**Data records:**

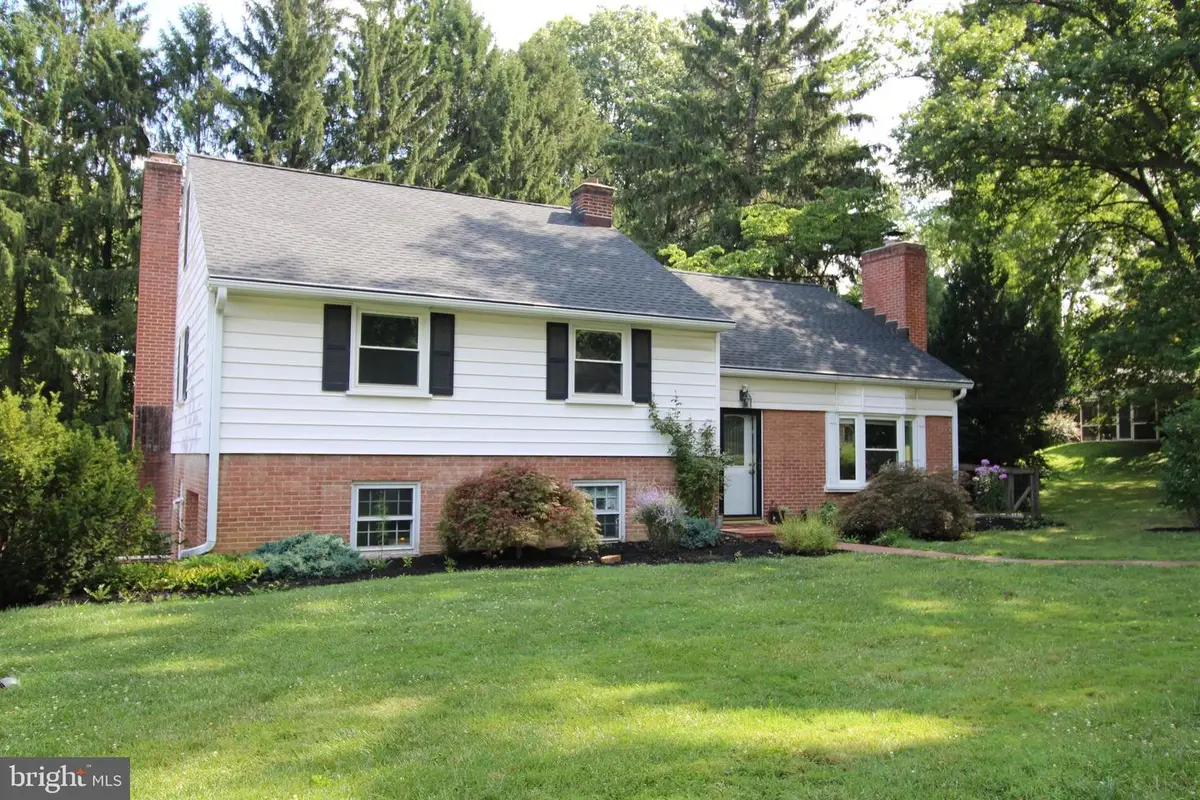 1133 Colonial Rd, Lancaster, PA 17603 - #1
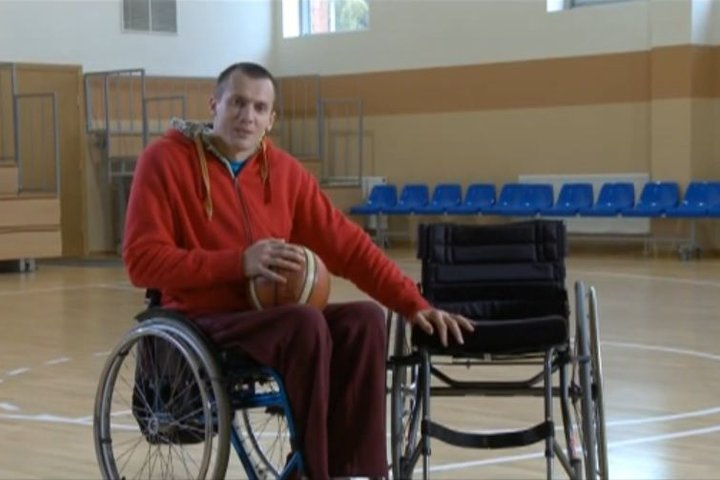 Saugus eismas (Greitis su šypsena).jpg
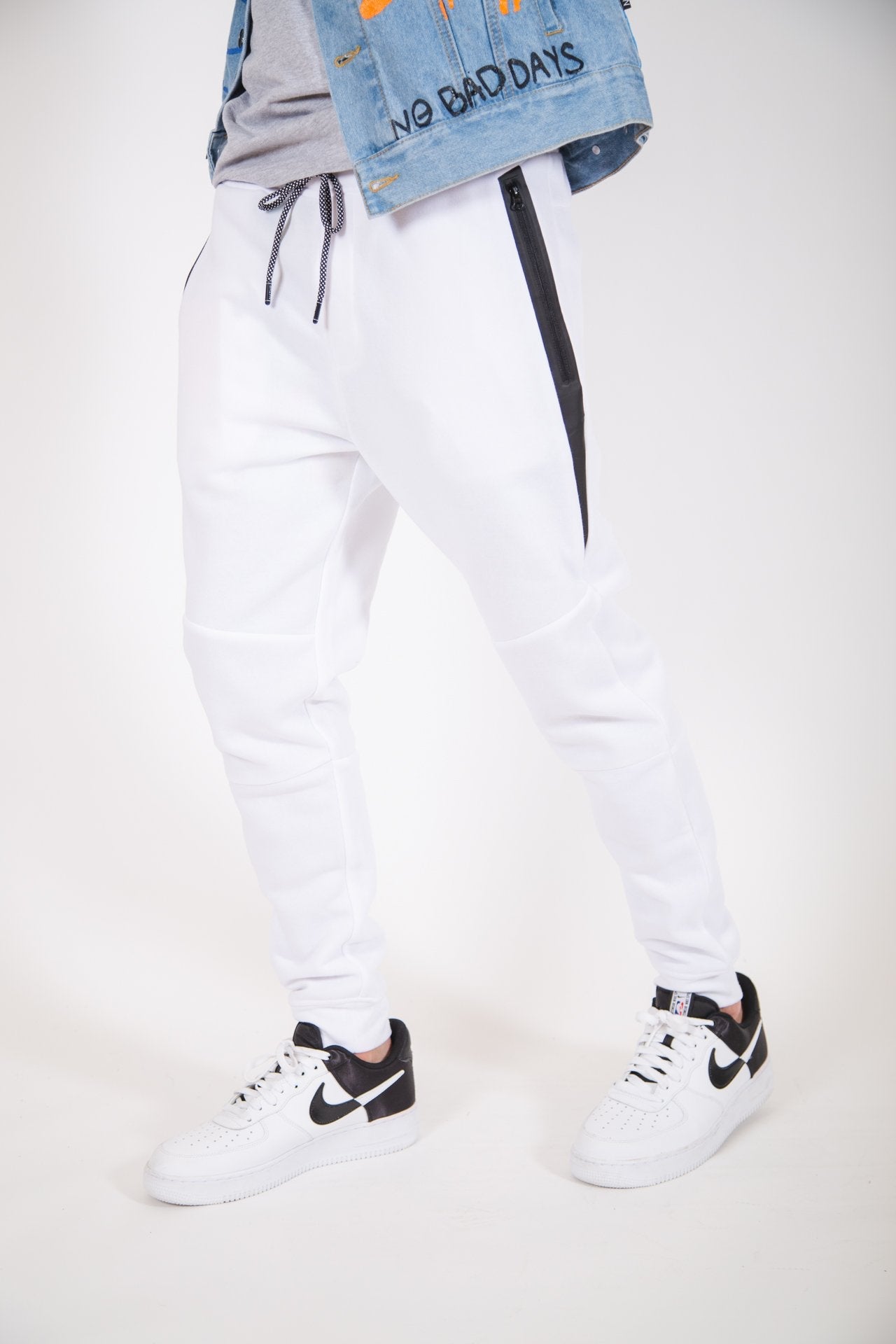 Heat sealed diagonal pocket fleece jogger in white, men's tapered fit
#color_white 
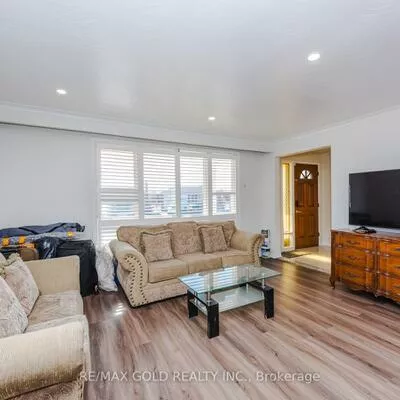 7521, Rockhill, Malton, Mississauga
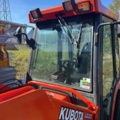 1363447-51 Kompakttraktor/redskapsbärare med frontlastare och redskap - Kubota 2410 - 2005
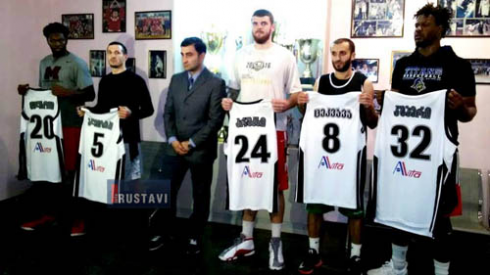 საკალათბურთო კლუბმა ახალწვეულები წარადგინა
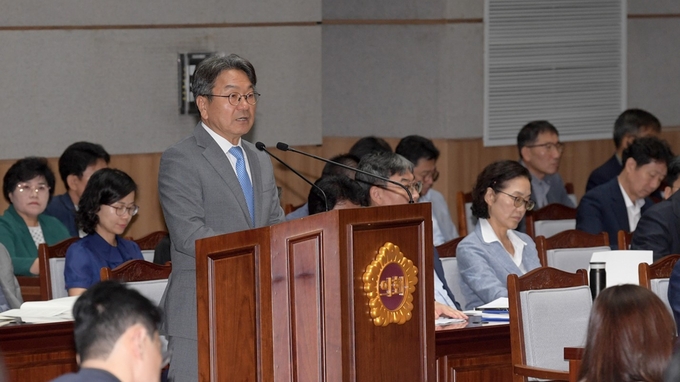 강기정 광주광역시장이 14일 오전 시의회 본회의장에서 열린 제334회 임시회 제2차 본회의 시정질문에 참석해 시정질문 답변을 하고 있다. /광주광역시 제공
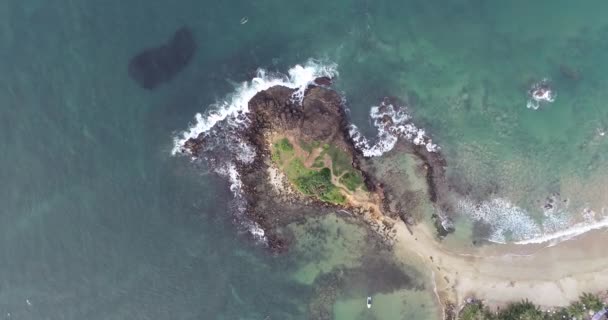Letecké Záběry Vln Vody Mytí Pobřeží Tropického Ostrova Indickém Oceánu — Stock video
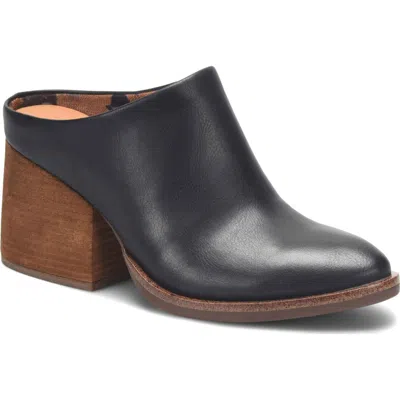 Korks Savi Block Heel Mule In Black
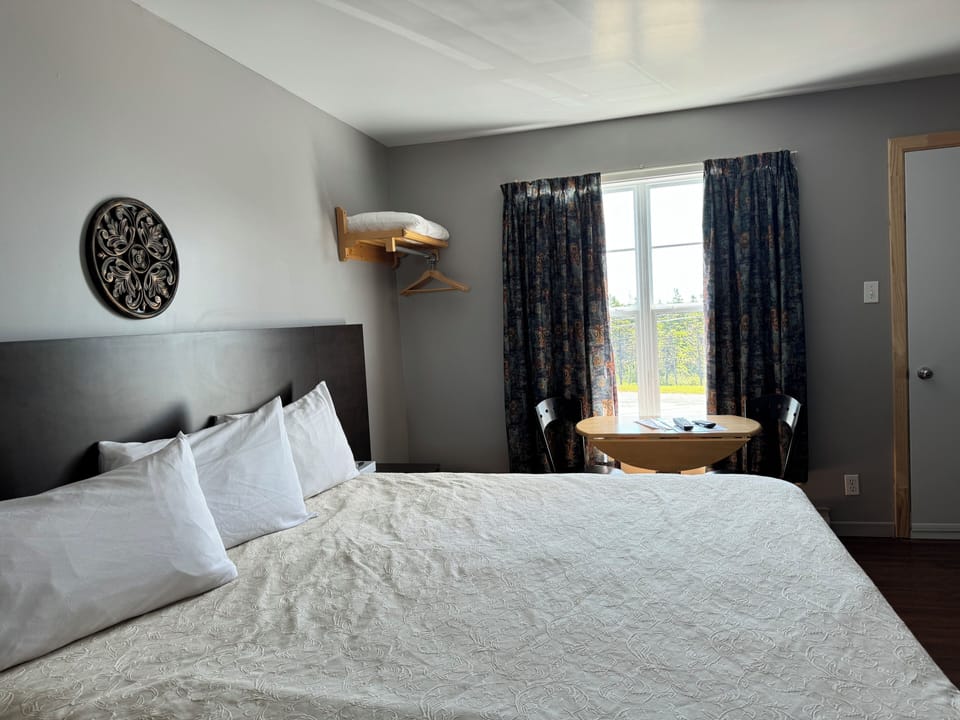 Standard Room, 1 Queen Bed | Desk, free WiFi, bed sheets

**What needs to be done:** Could you print all of the entries exactly, skipping the images?

**Final answer:**
 1133 Colonial Rd, Lancaster, PA 17603 - #1
 Saugus eismas (Greitis su šypsena).jpg
 Heat sealed diagonal pocket fleece jogger in white, men's tapered fit
#color_white 
 7521, Rockhill, Malton, Mississauga
 1363447-51 Kompakttraktor/redskapsbärare med frontlastare och redskap - Kubota 2410 - 2005
 საკალათბურთო კლუბმა ახალწვეულები წარადგინა
 강기정 광주광역시장이 14일 오전 시의회 본회의장에서 열린 제334회 임시회 제2차 본회의 시정질문에 참석해 시정질문 답변을 하고 있다. /광주광역시 제공
Letecké Záběry Vln Vody Mytí Pobřeží Tropického Ostrova Indickém Oceánu — Stock video
 Korks Savi Block Heel Mule In Black
 Standard Room, 1 Queen Bed | Desk, free WiFi, bed sheets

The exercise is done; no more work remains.